Writer's picture: Rev. James TrappRev. James Trapp

Gary Zukav, in his book The Seat of the Soul, noted that, "an authentically empowered person forgives. Forgiveness is not a moral issue. It is an energy dynamic. Forgiveness means you do not carry the baggage of an experience."


Two of the essential concepts that have helped me in my spiritual journey are: the kingdom of heaven is within and the power of forgiveness.


When I was going through my "dark night of the soul" and feeling down and out, as well as experiencing tremendous guilt for what I thought I had done to my life, the forces of the universe led me to Unity. I had no interest in anything that smacked of religion or spirituality, and had not set foot inside a spiritual community for over 15 years. Yet there I was, sitting in the back of that Unity auditorium, listening to a message on forgiveness.


I learned that forgiveness is never about the other person. As the Buddha noted, "Forgive others not because they deserve forgiveness, but because you deserve peace."

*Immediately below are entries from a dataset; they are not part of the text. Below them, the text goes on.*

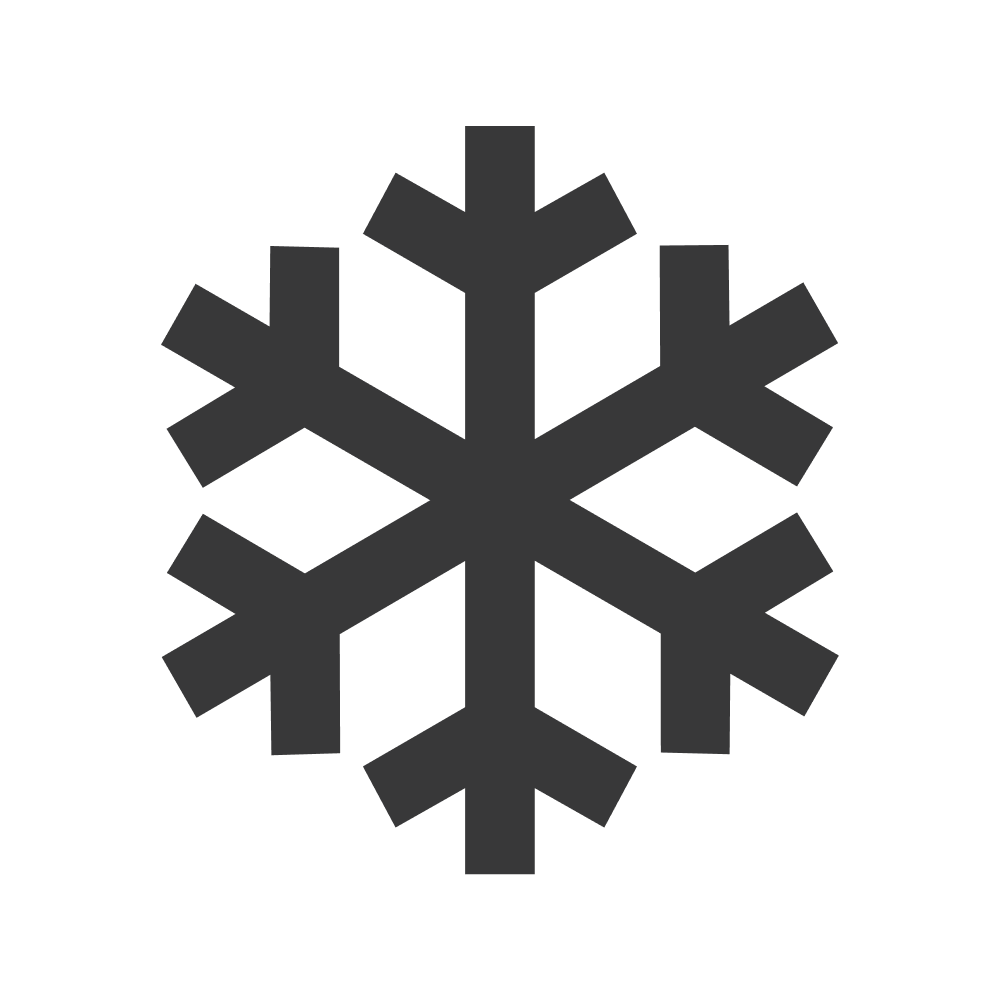 Available Snow/Ice Mode Icon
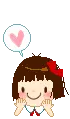 cute girl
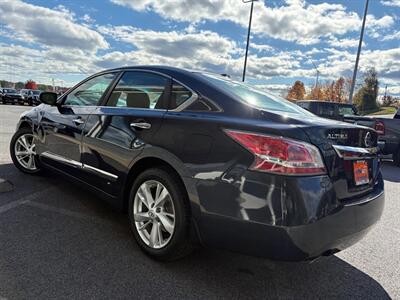 2015 Nissan Altima 2.5 SV - Photo 8 - Frederick, MD 21702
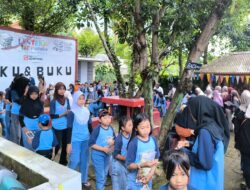 Banyak Anak Pintar Menghitung tapi Sulit Menghargai, Kenapa?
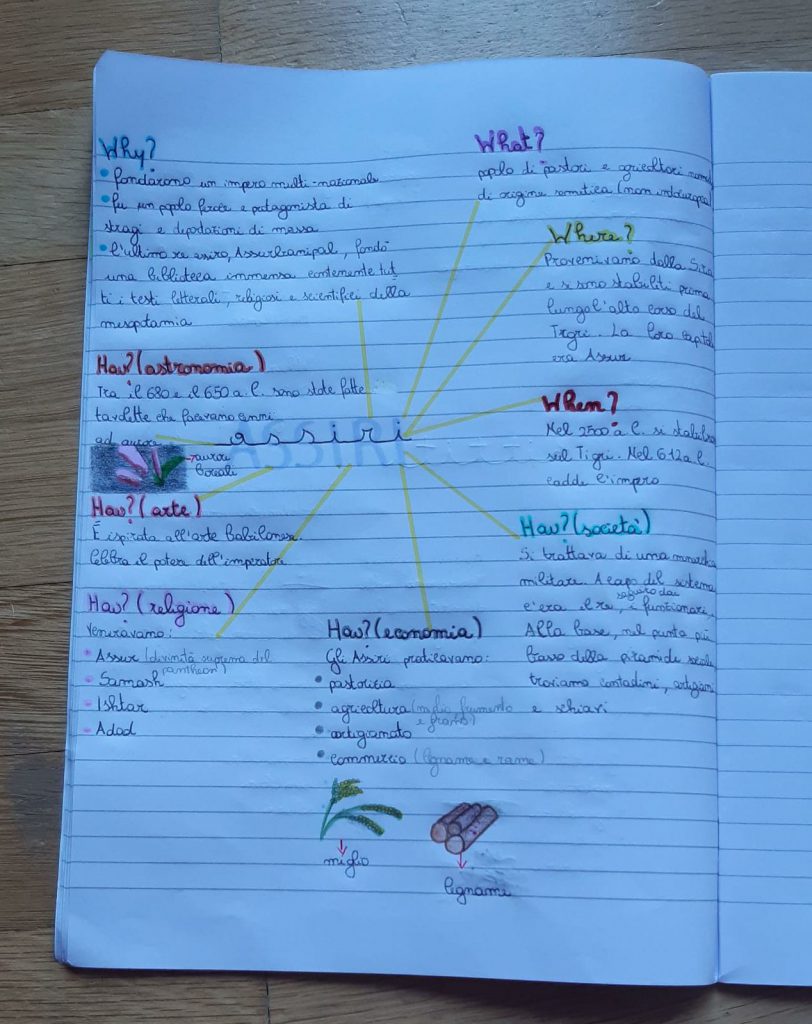 storia by FEDERICA FONTANA - Ourboox.com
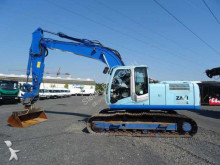 rupsgraafmachine Hitachi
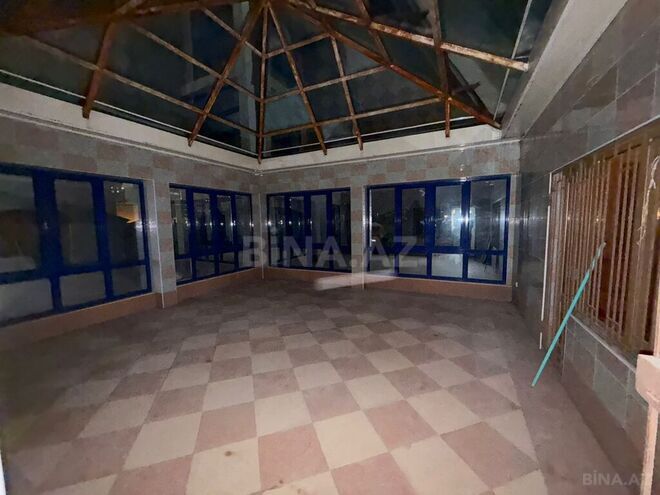 Satılır 10 otaqlı həyət evi/bağ evi 1 100 m², Azadlıq Prospekti m., photo 17 from 31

I caught a portion of a radio program in which the guest pointed out that up to 25 percent of Americans feel continually depressed over a long period. He shared that there's something much deadlier than the usual pressures of day-to-day life or even a chemical imbalance. He noted that, based on his many years of helping people who suffer from depression, several of them are victims of their resentful thoughts.


It is understandable why every major spiritual tradition puts so much emphasis on forgiveness, because withholding forgiveness does not work the way we intend it to. The person we direct our hostility toward may suffer or be impacted somehow. But no one suffers like the one casting out the negative energy. To harbor resentment toward another person, a past event, or an institution is like picking up a burning coal to throw it at someone else. The coal sticks like molasses to the person, and they're the ones who end up with burned flesh.


After his divorce, there was a man who, for over 12 years, held deep resentment toward his ex-wife. Eventually, he discovered she wasn't alive for nearly 10 of those 12 years. As Charles Fillmore, the co-founder of Unity, noted, "If we try to free ourselves while holding another in bondage with condemning thoughts, we cannot demonstrate our freedom." This is a reminder that no one suffers like the one casting blame and hostile thoughts toward the so-called other.


If you need to forgive someone, something, or even yourself, here are steps you can follow:


1. Be aware of your need to forgive

2. Be willing to forgive

3. Ask Spirit for help and guidance

4. Be willing to face and feel your feelings

5. Own your feelings without blaming or judging anyone else

6. Surrender the results to Spirit

7. Repeat steps 2-6 as often as necessary

8. Be patient with yourself


When we practice forgiveness, we clear the energy field around us so that we can catch the divine ideas that Spirit has in store for us and our world. That is the power of forgiveness.